Once the audio thread is running, the "wait for audio" block waits for both the next input buffer and for space to be available in the audio output queue. At that point, "read audio" will return a buffer of samples (an array) or you can output a buffer of audio (the same size as the input buffer) using "write audio" -- or both!
Here is a simple loop that reads and echoes incoming audio:
Note that if you don't use headphones, you'll get feedback because the audio coming from the speakers is picked up by the microphone and appears in the next incoming audio buffer. (The frequency of the feedback depends on the overall delay in the system, which is determined in part by the audio buffer size.) The stop button stops the audio thread, so you can quickly silence feedback or other painful sounds when things go wrong. :-) You seldom need to use the "close audio" block, since the stop button does that.
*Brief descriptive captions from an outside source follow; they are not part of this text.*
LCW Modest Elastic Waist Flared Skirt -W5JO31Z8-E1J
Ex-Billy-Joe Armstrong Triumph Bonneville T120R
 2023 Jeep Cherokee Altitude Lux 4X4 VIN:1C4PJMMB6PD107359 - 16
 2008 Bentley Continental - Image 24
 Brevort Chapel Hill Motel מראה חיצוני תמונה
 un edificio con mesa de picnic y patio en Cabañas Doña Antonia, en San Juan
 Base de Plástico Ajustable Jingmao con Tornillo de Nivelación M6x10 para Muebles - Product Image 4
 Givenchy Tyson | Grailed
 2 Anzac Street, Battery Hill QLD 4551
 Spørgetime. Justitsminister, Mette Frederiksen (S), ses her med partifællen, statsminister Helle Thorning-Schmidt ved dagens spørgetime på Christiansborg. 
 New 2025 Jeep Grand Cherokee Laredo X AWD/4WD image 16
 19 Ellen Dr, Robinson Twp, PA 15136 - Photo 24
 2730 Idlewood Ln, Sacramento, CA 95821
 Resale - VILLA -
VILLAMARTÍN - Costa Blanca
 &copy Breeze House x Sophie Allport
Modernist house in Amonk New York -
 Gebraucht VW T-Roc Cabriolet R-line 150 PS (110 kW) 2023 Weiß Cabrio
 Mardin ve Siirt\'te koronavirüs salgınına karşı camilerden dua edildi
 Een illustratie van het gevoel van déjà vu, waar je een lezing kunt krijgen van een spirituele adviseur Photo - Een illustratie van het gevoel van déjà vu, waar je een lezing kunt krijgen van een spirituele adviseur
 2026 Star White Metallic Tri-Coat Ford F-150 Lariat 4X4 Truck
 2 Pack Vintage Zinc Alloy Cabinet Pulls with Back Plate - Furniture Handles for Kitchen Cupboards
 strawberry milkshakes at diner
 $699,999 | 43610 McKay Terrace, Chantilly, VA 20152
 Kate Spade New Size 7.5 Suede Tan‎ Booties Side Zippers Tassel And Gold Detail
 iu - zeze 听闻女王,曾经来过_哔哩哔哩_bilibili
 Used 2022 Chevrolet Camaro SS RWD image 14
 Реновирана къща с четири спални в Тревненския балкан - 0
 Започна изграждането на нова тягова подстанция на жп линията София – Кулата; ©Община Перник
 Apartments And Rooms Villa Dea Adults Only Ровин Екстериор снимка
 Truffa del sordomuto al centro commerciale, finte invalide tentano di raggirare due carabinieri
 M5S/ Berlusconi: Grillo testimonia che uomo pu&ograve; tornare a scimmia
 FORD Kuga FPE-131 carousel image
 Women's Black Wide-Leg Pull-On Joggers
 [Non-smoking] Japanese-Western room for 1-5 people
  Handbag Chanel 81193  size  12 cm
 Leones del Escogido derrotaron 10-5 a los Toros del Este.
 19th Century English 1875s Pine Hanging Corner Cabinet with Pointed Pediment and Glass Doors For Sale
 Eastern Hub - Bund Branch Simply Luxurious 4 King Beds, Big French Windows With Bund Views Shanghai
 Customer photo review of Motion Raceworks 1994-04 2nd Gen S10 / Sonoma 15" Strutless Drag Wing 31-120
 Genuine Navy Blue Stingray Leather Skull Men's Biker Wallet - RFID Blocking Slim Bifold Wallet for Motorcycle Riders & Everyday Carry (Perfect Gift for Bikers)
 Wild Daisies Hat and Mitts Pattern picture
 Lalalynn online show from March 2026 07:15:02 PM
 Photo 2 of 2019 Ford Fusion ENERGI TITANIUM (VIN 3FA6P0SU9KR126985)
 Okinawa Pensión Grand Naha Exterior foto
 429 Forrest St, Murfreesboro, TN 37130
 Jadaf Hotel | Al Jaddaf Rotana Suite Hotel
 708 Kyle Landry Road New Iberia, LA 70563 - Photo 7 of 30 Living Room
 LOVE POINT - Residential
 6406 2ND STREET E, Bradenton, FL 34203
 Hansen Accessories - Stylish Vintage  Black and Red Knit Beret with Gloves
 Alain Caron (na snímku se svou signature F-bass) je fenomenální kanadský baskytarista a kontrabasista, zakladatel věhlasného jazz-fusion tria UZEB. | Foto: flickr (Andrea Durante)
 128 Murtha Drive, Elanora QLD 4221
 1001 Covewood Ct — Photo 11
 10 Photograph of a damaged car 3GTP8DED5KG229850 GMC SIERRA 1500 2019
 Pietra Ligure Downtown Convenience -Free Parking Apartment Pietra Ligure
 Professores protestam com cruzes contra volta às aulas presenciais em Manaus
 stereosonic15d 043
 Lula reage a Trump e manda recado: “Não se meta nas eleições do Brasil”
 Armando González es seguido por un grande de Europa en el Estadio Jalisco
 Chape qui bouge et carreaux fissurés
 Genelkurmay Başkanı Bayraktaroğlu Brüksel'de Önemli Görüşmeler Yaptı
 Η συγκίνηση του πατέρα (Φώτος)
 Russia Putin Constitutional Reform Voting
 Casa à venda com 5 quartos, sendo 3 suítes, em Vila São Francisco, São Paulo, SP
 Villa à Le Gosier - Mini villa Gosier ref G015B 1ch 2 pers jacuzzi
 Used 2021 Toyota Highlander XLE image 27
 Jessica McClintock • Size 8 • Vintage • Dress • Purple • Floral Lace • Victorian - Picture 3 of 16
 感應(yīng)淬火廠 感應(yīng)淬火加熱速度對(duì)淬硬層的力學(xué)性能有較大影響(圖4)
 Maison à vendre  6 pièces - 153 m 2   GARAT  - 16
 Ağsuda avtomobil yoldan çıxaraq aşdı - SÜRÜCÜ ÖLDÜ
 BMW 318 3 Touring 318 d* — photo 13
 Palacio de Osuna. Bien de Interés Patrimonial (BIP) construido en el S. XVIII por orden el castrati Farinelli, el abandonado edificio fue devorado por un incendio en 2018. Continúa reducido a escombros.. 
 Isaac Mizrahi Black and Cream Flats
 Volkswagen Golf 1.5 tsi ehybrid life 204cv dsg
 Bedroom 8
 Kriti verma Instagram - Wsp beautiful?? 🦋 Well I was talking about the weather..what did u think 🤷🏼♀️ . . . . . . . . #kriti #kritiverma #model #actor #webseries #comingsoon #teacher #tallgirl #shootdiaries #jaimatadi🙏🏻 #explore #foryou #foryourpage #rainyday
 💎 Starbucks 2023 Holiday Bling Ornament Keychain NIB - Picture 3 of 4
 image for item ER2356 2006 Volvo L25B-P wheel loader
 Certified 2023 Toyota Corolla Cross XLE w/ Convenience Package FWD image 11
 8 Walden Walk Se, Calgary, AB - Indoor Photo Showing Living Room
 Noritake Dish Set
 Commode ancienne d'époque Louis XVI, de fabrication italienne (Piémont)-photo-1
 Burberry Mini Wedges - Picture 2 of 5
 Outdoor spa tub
The "fft" block takes an audio buffer and returns the lower half of the discrete Fourier transform of that buffer (the upper half of the Fourier transform is just a reflection of the lower half). The Fourier transform gives you a breakdown of the frequencies that were present in that buffer of sound. The first element is the constant offset (sometimes called the "D.C." component) which is typically close to zero and, in any case, not usually of interest. The next component is for a frequency that would fit one cycle of a sine wave into a sound buffer. To figure out what that frequency is, you divide the sampling rate by the buffer size. For example, with the default sampling rate of 22050 samples/second and buffer size of 2048, it would be 22050 / 2048, or 10.7666 Hz, which is below what humans can usually hear. The next component is double that, 21.53 Hz, and the following component is three times that, 32.23 Hz. The last component is 1023 times that, 11014.2 Hz. You might use this frequency data to make a real-time frequency graph, drive a music visualizer, or perhaps make a tuner for your guitar or ukelele.
(Note for digital audio geeks: The FFT result buffer contains only the magnitudes of the FFT values, so the phase information is lost. That means you can't use the "fft" block to do a reverse FFT, as one might do in advanced audio applications like sound codecs or vocoders. However, the "fft" block makes it much easier to simply get and use the frequency spectrum for a sound buffer.)